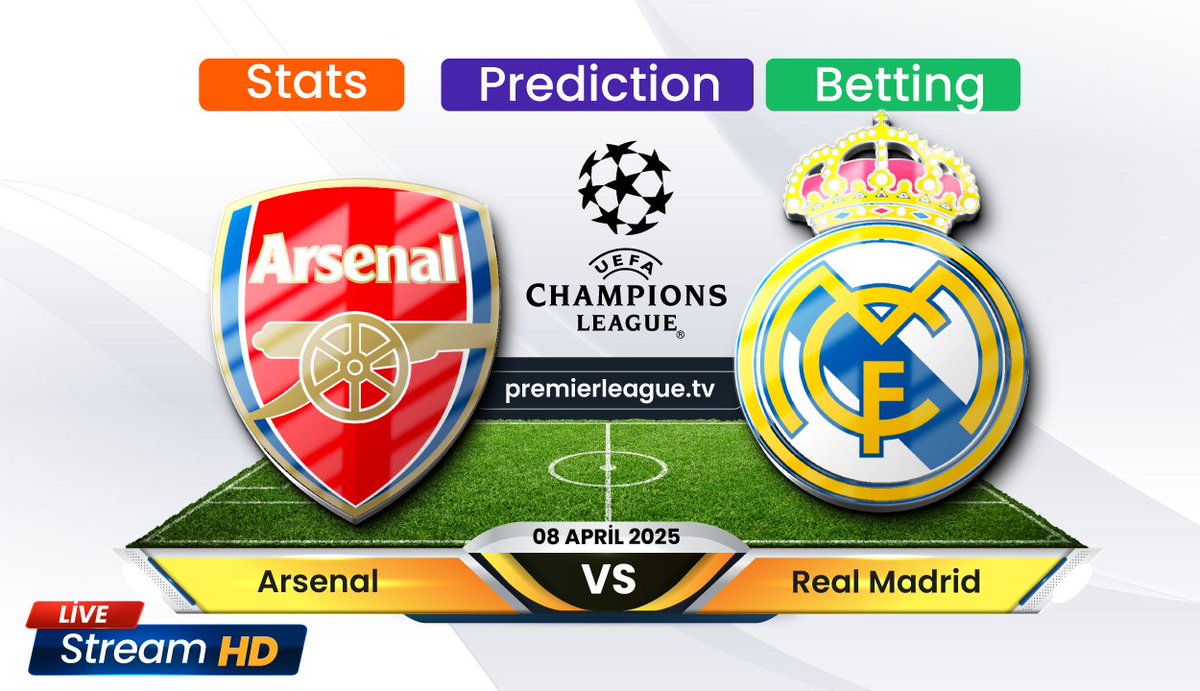 epltabletv's tweet photo. Arsenal vs Real Madrid Champions League Quarterfinal 2025 

Watch live on https://t.co/XD46ldk22C! 

Don’t miss the clash! 

#Arsenal  #RealMadrid 
#ChampionsLeague 
#UCL #Quarterfinal2025 
#FootballLive 
#LiveStream 
#ArsenalRealMadrid https://t.co/uZv01yj0tv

= = = =

Everything but the pictures is needed: copy the data above exactly.

 epltabletv's tweet photo. Arsenal vs Real Madrid Champions League Quarterfinal 2025 

Watch live on https://t.co/XD46ldk22C! 

Don’t miss the clash! 

#Arsenal  #RealMadrid 
#ChampionsLeague 
#UCL #Quarterfinal2025 
#FootballLive 
#LiveStream 
#ArsenalRealMadrid https://t.co/uZv01yj0tv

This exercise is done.